--- Dataset entries ---
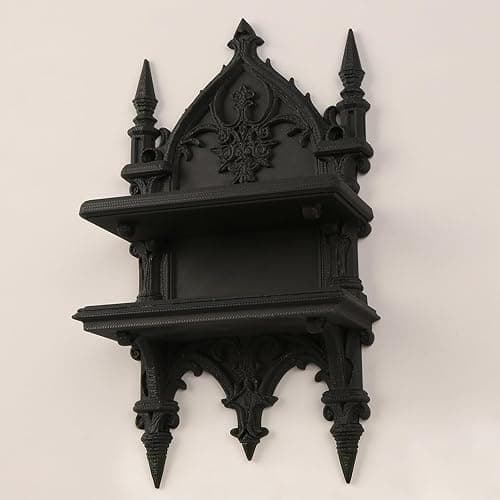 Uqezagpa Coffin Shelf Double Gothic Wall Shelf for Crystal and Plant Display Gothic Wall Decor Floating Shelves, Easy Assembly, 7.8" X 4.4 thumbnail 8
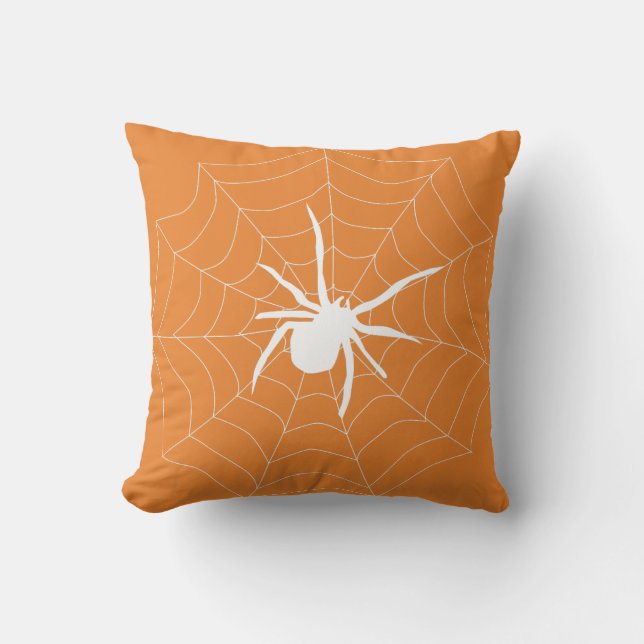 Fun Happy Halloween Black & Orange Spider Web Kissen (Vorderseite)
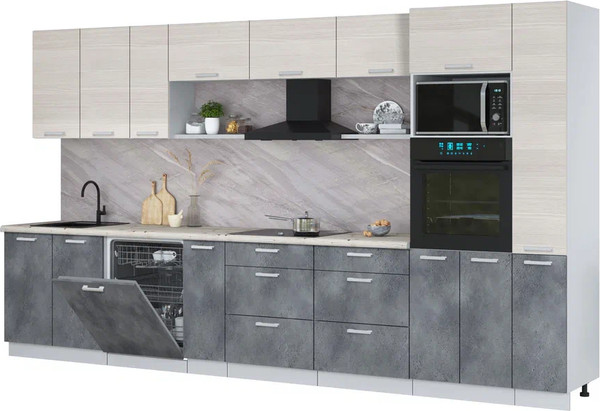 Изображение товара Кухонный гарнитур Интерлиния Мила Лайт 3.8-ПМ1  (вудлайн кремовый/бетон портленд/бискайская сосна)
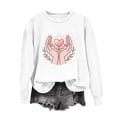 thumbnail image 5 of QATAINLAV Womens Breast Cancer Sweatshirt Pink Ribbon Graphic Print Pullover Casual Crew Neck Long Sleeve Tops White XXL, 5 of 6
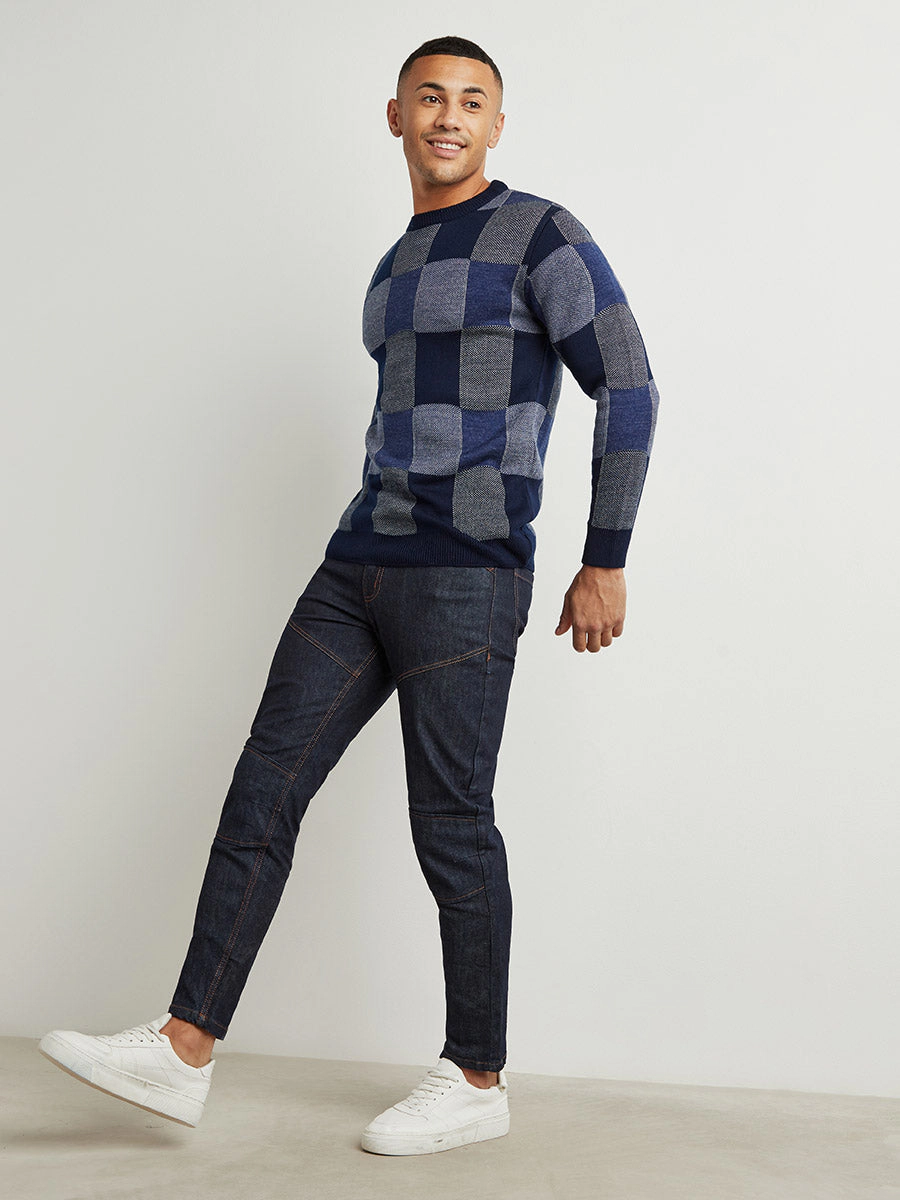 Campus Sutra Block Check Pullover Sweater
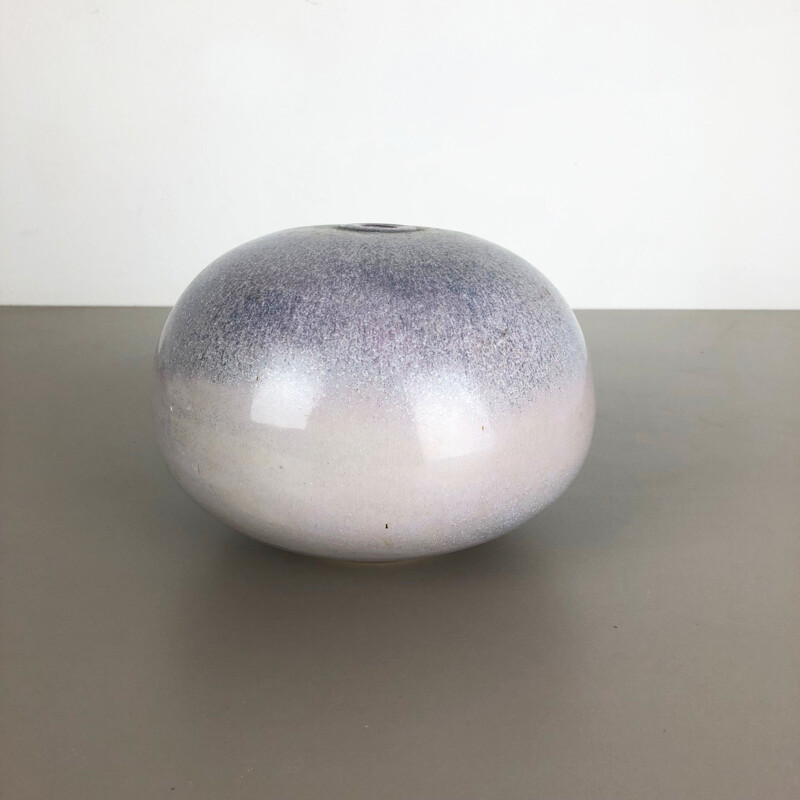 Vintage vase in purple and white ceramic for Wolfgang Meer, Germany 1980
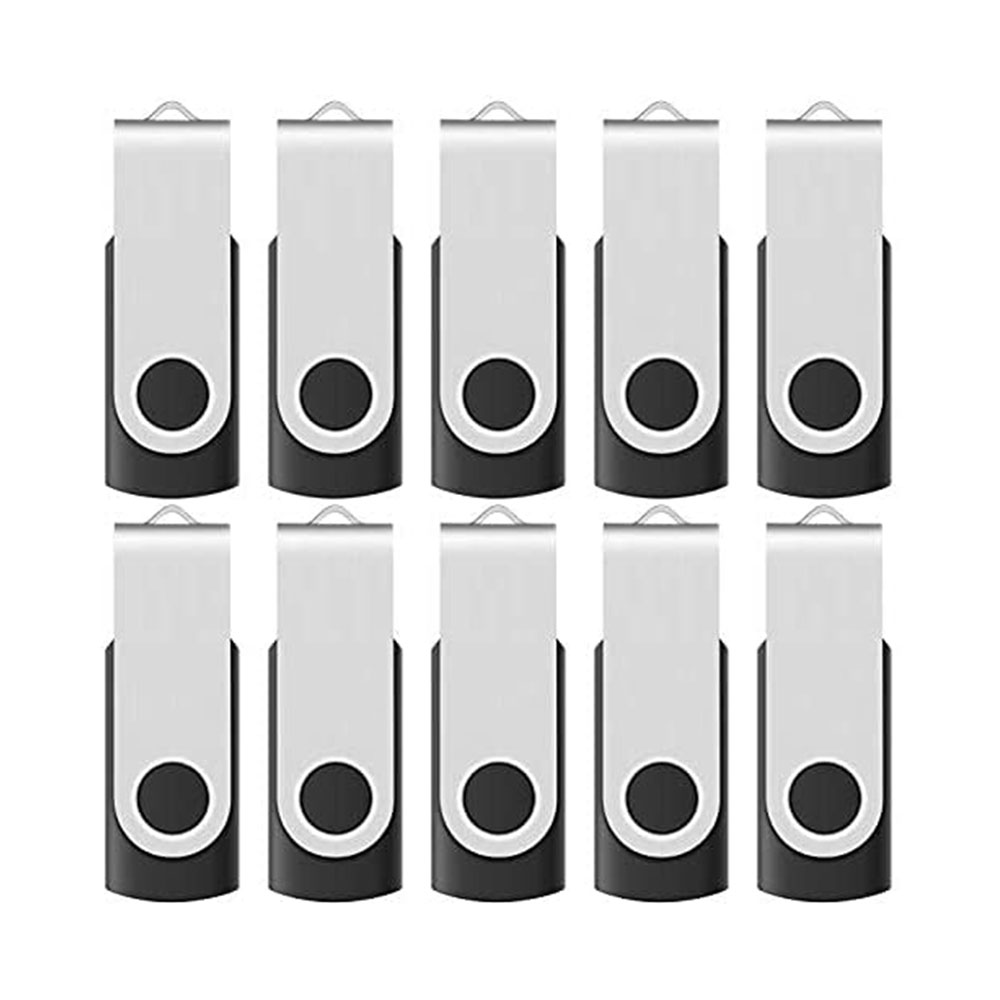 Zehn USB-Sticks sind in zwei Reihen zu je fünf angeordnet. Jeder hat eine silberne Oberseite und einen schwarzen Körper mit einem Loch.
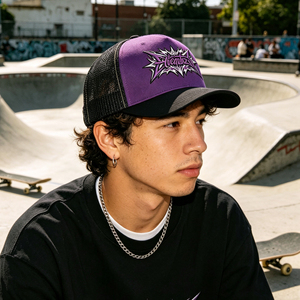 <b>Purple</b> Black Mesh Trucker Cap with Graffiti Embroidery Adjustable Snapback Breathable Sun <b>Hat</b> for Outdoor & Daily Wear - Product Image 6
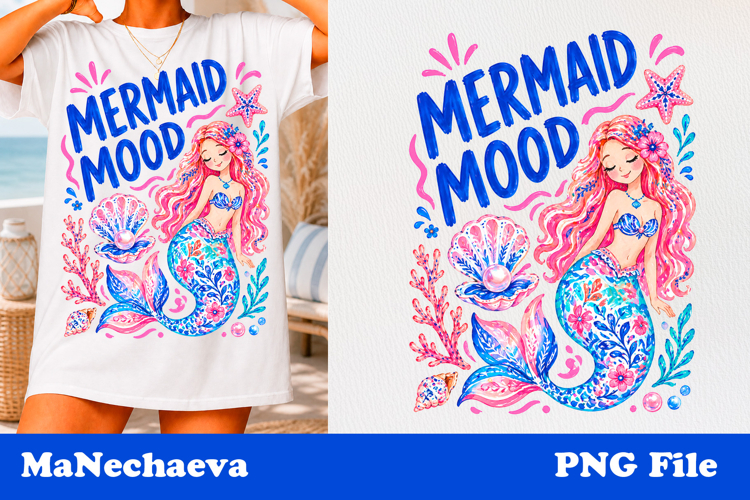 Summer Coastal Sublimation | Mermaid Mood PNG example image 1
---
▸ Instructions to follow: Retype each record exactly as it appears above and drop the images.

▸ Answer to the exercise:
 Uqezagpa Coffin Shelf Double Gothic Wall Shelf for Crystal and Plant Display Gothic Wall Decor Floating Shelves, Easy Assembly, 7.8" X 4.4 thumbnail 8
 Fun Happy Halloween Black & Orange Spider Web Kissen (Vorderseite)
 Изображение товара Кухонный гарнитур Интерлиния Мила Лайт 3.8-ПМ1  (вудлайн кремовый/бетон портленд/бискайская сосна)
 thumbnail image 5 of QATAINLAV Womens Breast Cancer Sweatshirt Pink Ribbon Graphic Print Pullover Casual Crew Neck Long Sleeve Tops White XXL, 5 of 6
 Campus Sutra Block Check Pullover Sweater
 Vintage vase in purple and white ceramic for Wolfgang Meer, Germany 1980
 Zehn USB-Sticks sind in zwei Reihen zu je fünf angeordnet. Jeder hat eine silberne Oberseite und einen schwarzen Körper mit einem Loch.
 <b>Purple</b> Black Mesh Trucker Cap with Graffiti Embroidery Adjustable Snapback Breathable Sun <b>Hat</b> for Outdoor & Daily Wear - Product Image 6
 Summer Coastal Sublimation | Mermaid Mood PNG example image 1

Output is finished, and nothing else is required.